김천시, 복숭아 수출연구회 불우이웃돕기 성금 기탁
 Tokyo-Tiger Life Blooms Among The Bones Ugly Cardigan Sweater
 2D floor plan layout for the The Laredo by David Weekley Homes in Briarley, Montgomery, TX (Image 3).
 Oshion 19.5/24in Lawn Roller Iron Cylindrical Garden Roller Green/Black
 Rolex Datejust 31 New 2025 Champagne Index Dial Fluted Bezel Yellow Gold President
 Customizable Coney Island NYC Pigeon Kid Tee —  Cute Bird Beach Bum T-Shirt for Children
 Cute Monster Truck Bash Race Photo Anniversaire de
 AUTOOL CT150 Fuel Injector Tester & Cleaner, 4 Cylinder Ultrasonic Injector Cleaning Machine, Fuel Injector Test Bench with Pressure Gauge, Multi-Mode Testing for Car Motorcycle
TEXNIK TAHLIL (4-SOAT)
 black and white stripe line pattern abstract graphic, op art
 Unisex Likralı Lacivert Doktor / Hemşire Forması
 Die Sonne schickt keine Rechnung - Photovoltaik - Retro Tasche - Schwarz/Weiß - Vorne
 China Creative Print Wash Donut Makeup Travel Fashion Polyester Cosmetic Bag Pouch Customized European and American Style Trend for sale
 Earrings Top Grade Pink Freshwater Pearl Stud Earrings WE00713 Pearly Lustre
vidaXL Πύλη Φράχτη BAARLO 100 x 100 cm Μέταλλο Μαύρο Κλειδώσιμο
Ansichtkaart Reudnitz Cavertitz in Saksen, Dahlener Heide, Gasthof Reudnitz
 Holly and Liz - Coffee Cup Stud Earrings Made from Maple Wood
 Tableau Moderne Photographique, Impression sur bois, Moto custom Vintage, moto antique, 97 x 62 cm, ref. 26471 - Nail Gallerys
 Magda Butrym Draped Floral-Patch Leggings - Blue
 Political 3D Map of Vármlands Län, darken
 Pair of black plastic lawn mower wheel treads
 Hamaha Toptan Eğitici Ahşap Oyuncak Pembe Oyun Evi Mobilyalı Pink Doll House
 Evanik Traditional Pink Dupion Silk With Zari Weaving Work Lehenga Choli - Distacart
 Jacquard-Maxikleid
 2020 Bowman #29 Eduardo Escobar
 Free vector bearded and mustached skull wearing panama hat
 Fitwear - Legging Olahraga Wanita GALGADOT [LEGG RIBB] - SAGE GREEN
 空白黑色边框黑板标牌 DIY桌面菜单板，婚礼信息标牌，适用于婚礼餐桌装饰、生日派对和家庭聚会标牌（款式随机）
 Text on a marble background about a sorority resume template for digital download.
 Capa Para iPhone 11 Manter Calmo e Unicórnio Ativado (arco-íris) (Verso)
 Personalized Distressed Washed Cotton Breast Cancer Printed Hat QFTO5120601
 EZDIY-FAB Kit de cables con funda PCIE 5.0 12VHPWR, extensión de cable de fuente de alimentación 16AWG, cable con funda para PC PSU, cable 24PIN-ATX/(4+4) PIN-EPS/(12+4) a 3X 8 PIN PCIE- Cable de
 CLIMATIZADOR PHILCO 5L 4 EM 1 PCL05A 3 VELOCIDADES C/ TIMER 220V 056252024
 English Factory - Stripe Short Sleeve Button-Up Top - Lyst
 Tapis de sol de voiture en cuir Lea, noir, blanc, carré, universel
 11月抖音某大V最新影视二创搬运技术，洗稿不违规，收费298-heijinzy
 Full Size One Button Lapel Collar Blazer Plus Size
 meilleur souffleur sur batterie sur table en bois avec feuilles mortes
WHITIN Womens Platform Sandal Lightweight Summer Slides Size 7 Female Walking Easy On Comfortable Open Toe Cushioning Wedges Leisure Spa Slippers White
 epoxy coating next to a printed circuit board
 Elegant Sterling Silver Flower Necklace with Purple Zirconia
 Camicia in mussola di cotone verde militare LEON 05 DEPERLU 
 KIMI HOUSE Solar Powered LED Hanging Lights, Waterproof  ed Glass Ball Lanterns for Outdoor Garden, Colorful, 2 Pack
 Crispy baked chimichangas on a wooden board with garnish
# # # # #
Work required:
Give back exactly the lines from the one that contains "2020 Bowman #29 Eduardo Escobar" to the end of the data above, both of those lines included.

Task response:
 2020 Bowman #29 Eduardo Escobar
 Free vector bearded and mustached skull wearing panama hat
 Fitwear - Legging Olahraga Wanita GALGADOT [LEGG RIBB] - SAGE GREEN
 空白黑色边框黑板标牌 DIY桌面菜单板，婚礼信息标牌，适用于婚礼餐桌装饰、生日派对和家庭聚会标牌（款式随机）
 Text on a marble background about a sorority resume template for digital download.
 Capa Para iPhone 11 Manter Calmo e Unicórnio Ativado (arco-íris) (Verso)
 Personalized Distressed Washed Cotton Breast Cancer Printed Hat QFTO5120601
 EZDIY-FAB Kit de cables con funda PCIE 5.0 12VHPWR, extensión de cable de fuente de alimentación 16AWG, cable con funda para PC PSU, cable 24PIN-ATX/(4+4) PIN-EPS/(12+4) a 3X 8 PIN PCIE- Cable de
 CLIMATIZADOR PHILCO 5L 4 EM 1 PCL05A 3 VELOCIDADES C/ TIMER 220V 056252024
 English Factory - Stripe Short Sleeve Button-Up Top - Lyst
 Tapis de sol de voiture en cuir Lea, noir, blanc, carré, universel
 11月抖音某大V最新影视二创搬运技术，洗稿不违规，收费298-heijinzy
 Full Size One Button Lapel Collar Blazer Plus Size
 meilleur souffleur sur batterie sur table en bois avec feuilles mortes
WHITIN Womens Platform Sandal Lightweight Summer Slides Size 7 Female Walking Easy On Comfortable Open Toe Cushioning Wedges Leisure Spa Slippers White
 epoxy coating next to a printed circuit board
 Elegant Sterling Silver Flower Necklace with Purple Zirconia
 Camicia in mussola di cotone verde militare LEON 05 DEPERLU 
 KIMI HOUSE Solar Powered LED Hanging Lights, Waterproof  ed Glass Ball Lanterns for Outdoor Garden, Colorful, 2 Pack
 Crispy baked chimichangas on a wooden board with garnish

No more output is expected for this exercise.